[AVAILABLE RECORDS]
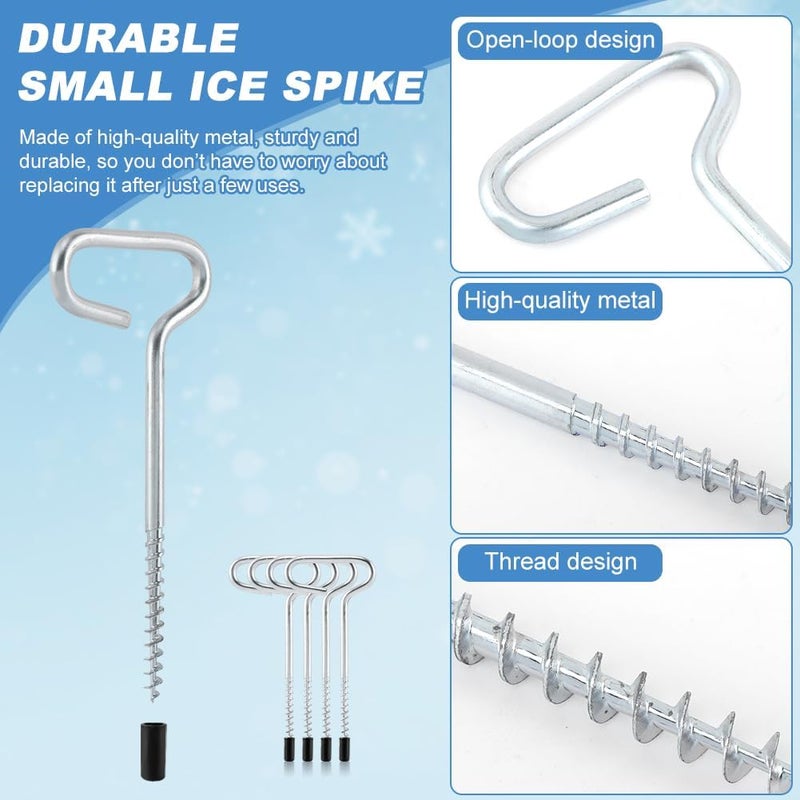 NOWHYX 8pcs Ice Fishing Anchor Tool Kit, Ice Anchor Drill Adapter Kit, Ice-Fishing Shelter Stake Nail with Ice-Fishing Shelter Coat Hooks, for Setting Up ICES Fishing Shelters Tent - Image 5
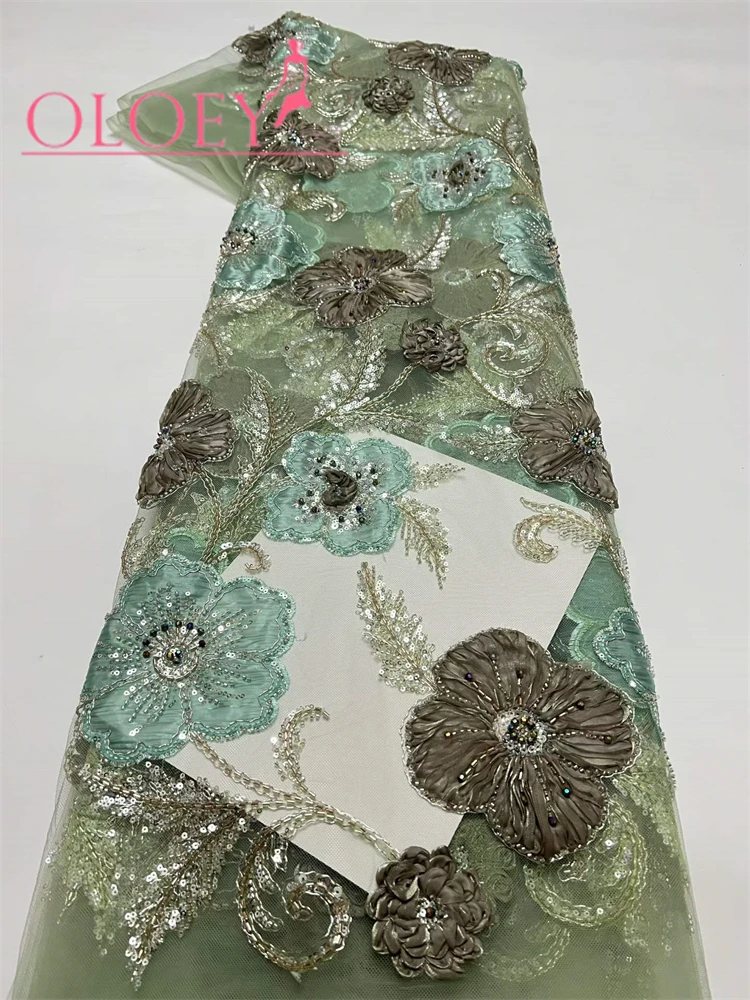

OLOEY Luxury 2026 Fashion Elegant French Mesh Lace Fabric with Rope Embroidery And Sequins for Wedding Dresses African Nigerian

* * *

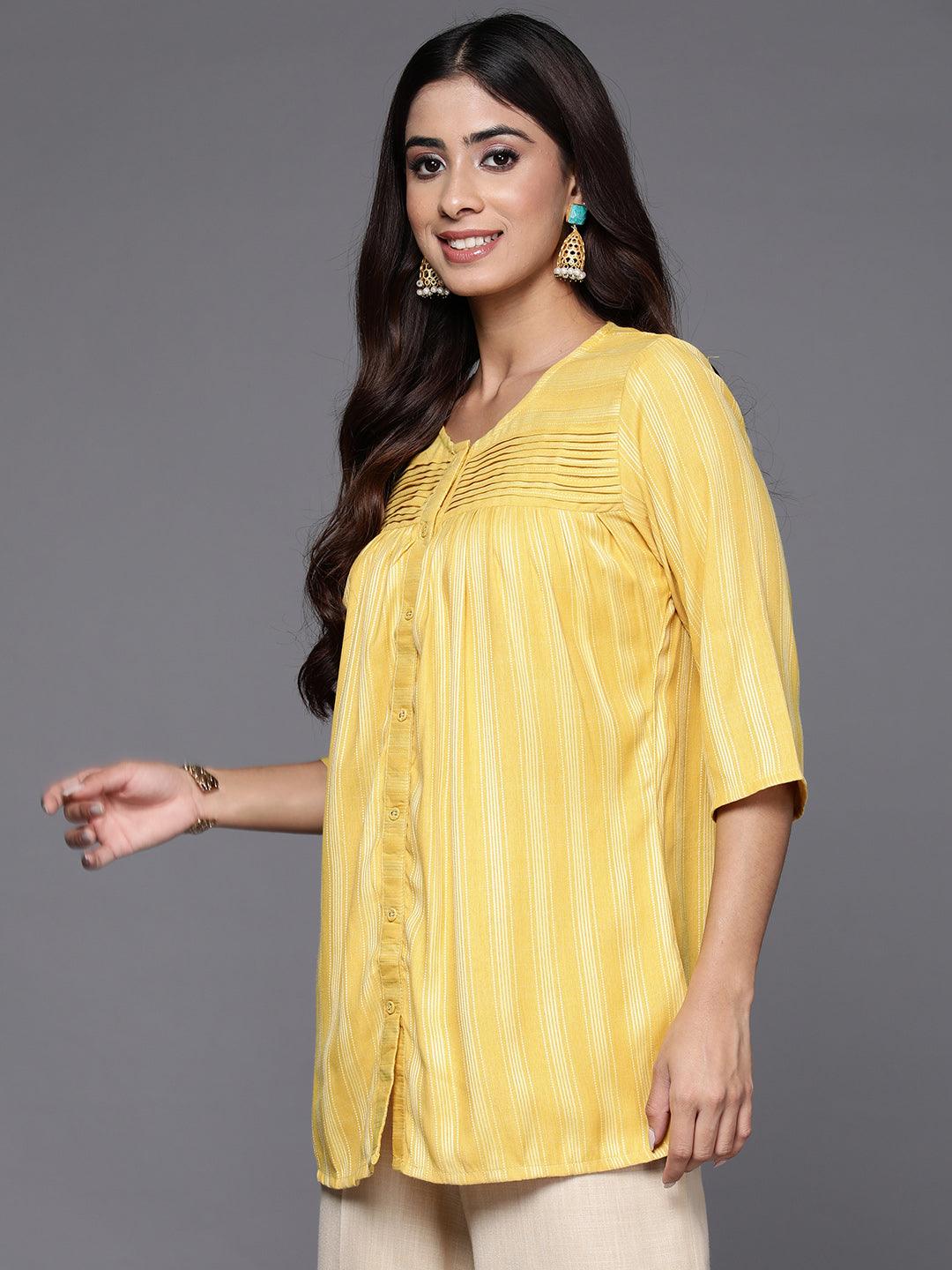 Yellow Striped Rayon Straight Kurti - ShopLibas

[WHAT YOU SHOULD DO] Using the data above, print only the lines starting at the one with "NOWHYX 8pcs Ice" and ending at the one with "OLOEY Luxury 2026", exactly as they stand, minus the pictures.

[SOLUTION TO THIS PROBLEM]
 NOWHYX 8pcs Ice Fishing Anchor Tool Kit, Ice Anchor Drill Adapter Kit, Ice-Fishing Shelter Stake Nail with Ice-Fishing Shelter Coat Hooks, for Setting Up ICES Fishing Shelters Tent - Image 5

OLOEY Luxury 2026 Fashion Elegant French Mesh Lace Fabric with Rope Embroidery And Sequins for Wedding Dresses African Nigerian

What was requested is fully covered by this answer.